Le président irakien refuse de signer l'ordre d'exécution de Tarek Aziz (Associated Press)

Le président irakien Jalal Talabani a déclaré mercredi qu'il ne signerait pas l'ordre d'exécution de l'ancien Premier ministre de Saddam Hussein, Tarek Aziz, car c'est un chrétien et qu'il est âgé de 74 ans.

"Je ne peux pas signer un tel ordre parce que je suis socialiste", a expliqué M. Talabani dans un entretien à la chaîne d'information France 24. "Je ressens de la compassion pour Tarek Aziz parce c'est un chrétien, un chrétien irakien (...) En outre, c'est un homme âgé, de plus de soixante dix ans. C'est pourquoi je ne signerai jamais cet ordre", a-t-il ajouté, s'exprimant en arabe par l'intermédiaire d'un traducteur.

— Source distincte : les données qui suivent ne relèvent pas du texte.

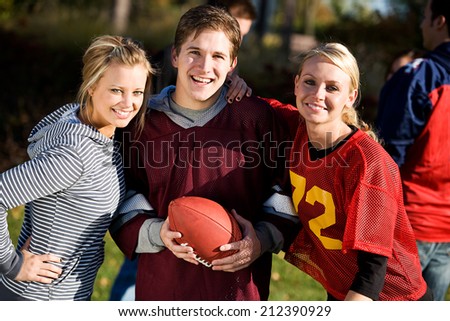 Football: Guy Hanging Out With Girl Friends Playing Ball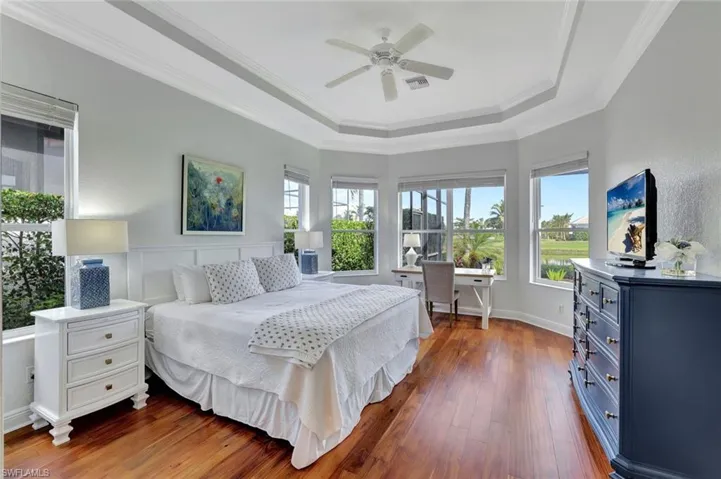 Bedroom with wood finished floors, a desk, crown molding, a tray ceiling, and ceiling fan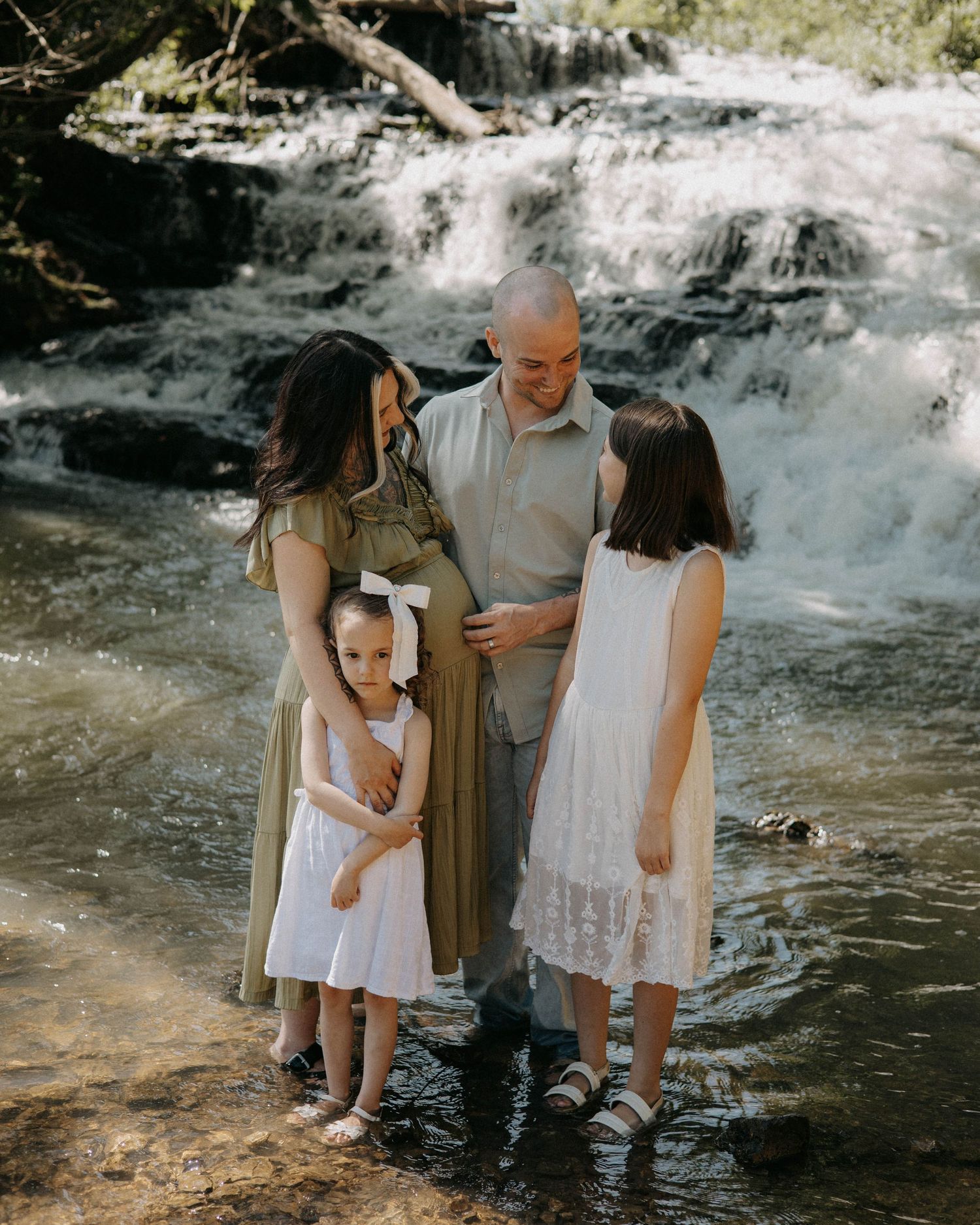 A family of four poses together in front of a cascading waterfall in nature wearing light colored dresses.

Tarek Aziz était le chrétien le plus haut placé de la garde rapprochée de Saddam Hussein. Il a été condamné à mort par pendaison le 26 octobre pour son rôle dans la persécution des membres des partis religieux chiites qui dominent aujourd'hui la vie politique du pays, à majorité chiite. Condamné dans deux autres dossiers également, il a écopé d'un total de vingt deux ans de prison.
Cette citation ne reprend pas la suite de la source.